My hypothetical flywheel is made out of a basic steel alloy with a density of 7.7 Mg (mega-gram) per meter cubed.  It has a diameter of 300mm (just under 12″ for you non-SI unit folks) and a thickness of 10mm (just under half an inch).  The resulting mass is 5.44kg making for a pretty light flywheel being right at 12lbs; for reference, a stock 350Z flywheel weighs 28lbs and has a 22lb clutch attached to it.  So you can see, my hypothetical flywheel is pretty light.

 These are the equations for calculating the mass and rotational inertia for a disk (i.e. flywheel) and hollow cylinder (i.e. driveshaft).  We need to calculate the inertia around the X-axis.  Rotational kinetic energy is equal to half the inertia times rotational speed squared.  I snagged these from my old engineering text book, “Fundamentals of Machine Component Design” by Juvinall and Marshek.

Spinning the flywheel to a speed of 9000rpms results in a rotational kinetic energy of 27182J, or about the equivalent of 0.0002 gallons of gas.  Not much you say?  Consider that a Prius gets about 50mpg, that's enough fuel to propel the Prius for 55ft.  However, the engine of the Prius is roughly, maybe, somewhere around 35% efficient.  So there's really enough energy in the flywheel to move the Prius for half a football field.  I don't know about you, but I'd be tired after pushing a car that far.  Also, keep in mind this is my hypothetical lightweight flywheel.  The combo of the 350Z flywheel and clutch would have about four times the energy due to the extra mass.

I do have a story about a flywheel failure used in a non-automotive application.  I was recently in an engineering training course and one of the guys there had done some work related to engines used on trains and boats.  He'd heard of a story of a flywheel coming loose on a boat with it promptly shooting through the bottom of the hull.  Needless to say, the boat sank.

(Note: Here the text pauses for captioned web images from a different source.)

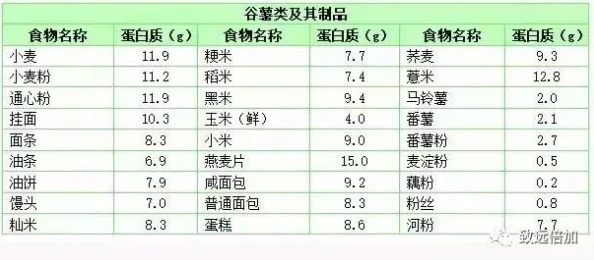 2024热门解析：食物语鼎湖上素技能属性全面详解与最新伤害图鉴一览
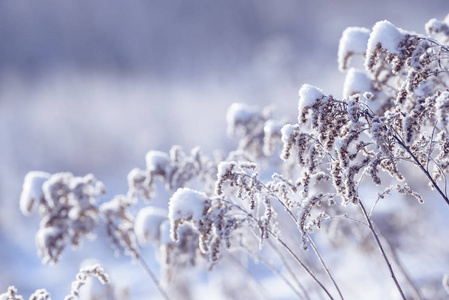 草枝冻在冰里。 冬天的冻草枝。 树枝上覆盖着雪。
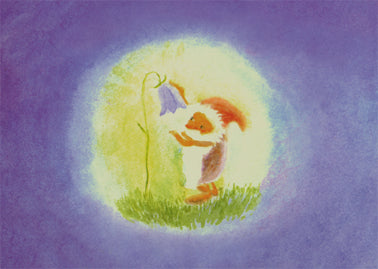 Mit Glockenblume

Onto another car part for comparison, we'll calculate the rotational kinetic energy in a driveshaft.  The assumptions are that it's made of 6061-T6 aluminum, 3.5″ outer diameter, 0.125″ wall thickness, and a 56″ length.  This results in a mass of 3.35kg.  Spinning it to 6850rpms gives a rotational energy of about 117J, or a heck of a lot less than the flywheel and that's probably why drive shaft loops look a lot less beefy than flywheel scatter shields.

 This is an example of a driveshaft loop from BMR suspension.  If the driveshaft fails at any point along its length, the loop keeps the shaft from flopping around and destroying everything around in the proximity.

The last item we'll examine is a turbocharger.  If you spin a turbo to a speed beyond its design criteria, the compressor and turbine wheels can literally explode.  The centrifugal forces become so great that they cause the wheels to fly apart; not too many things in this world can handle being spun up to 300,000rpms.

 The aftermath of a compressor wheel burst test by Garrett by Honeywell.  There are no holes on the perimeter and nothing makes it past the compressor housing.